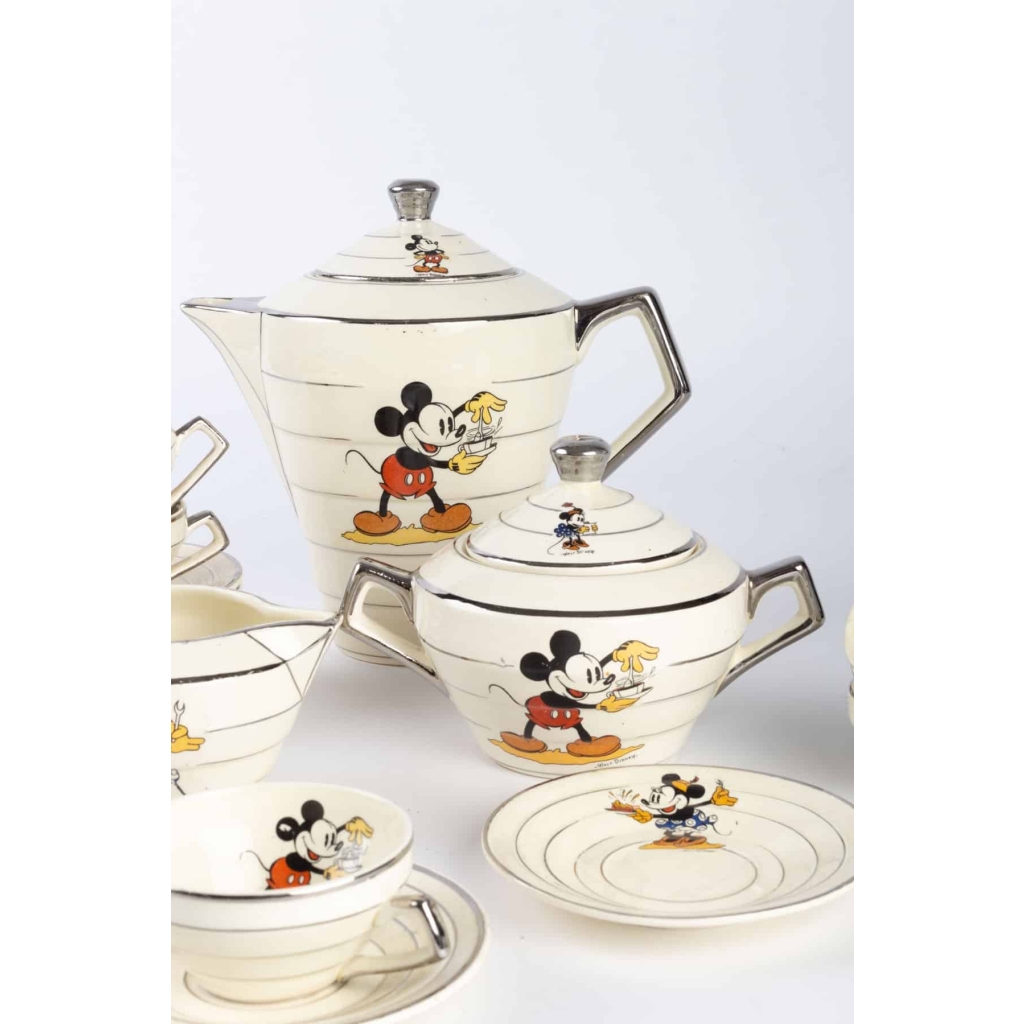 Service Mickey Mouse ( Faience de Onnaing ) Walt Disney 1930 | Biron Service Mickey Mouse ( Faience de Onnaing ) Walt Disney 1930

--*--

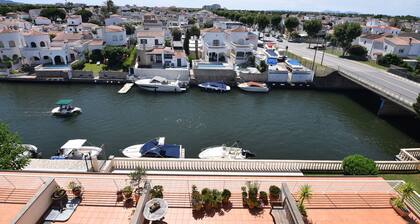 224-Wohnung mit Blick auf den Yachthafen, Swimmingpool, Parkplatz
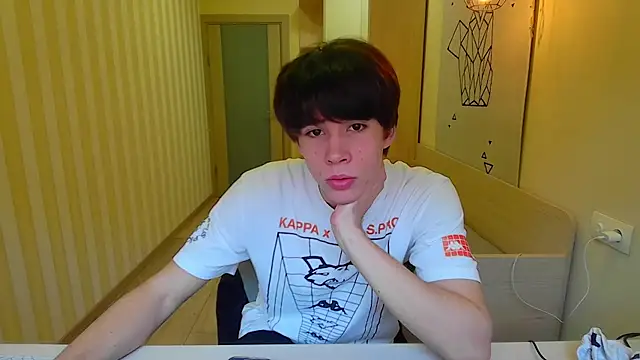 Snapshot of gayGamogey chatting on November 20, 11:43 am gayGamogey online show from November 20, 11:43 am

--*--

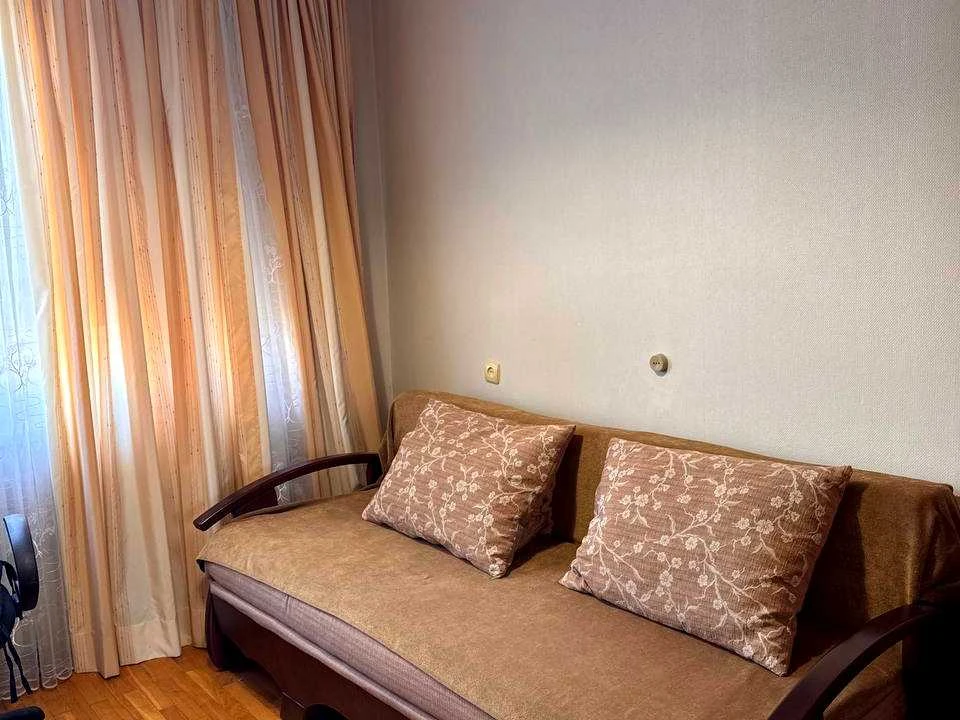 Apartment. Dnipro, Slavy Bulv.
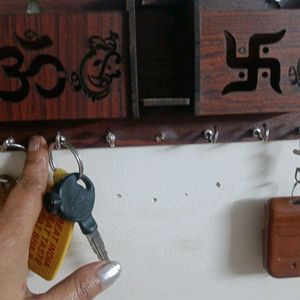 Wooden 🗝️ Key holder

--*--

Task brief »
Exactly reproduce the lines above, starting at the one that contains "224-Wohnung mit Blick" and ending at the one that contains "Snapshot of gayGamogey", both inclusive; leave the pictures out and add no other lines.

Exercise solution »
 224-Wohnung mit Blick auf den Yachthafen, Swimmingpool, Parkplatz
 Snapshot of gayGamogey chatting on November 20, 11:43 am gayGamogey online show from November 20, 11:43 am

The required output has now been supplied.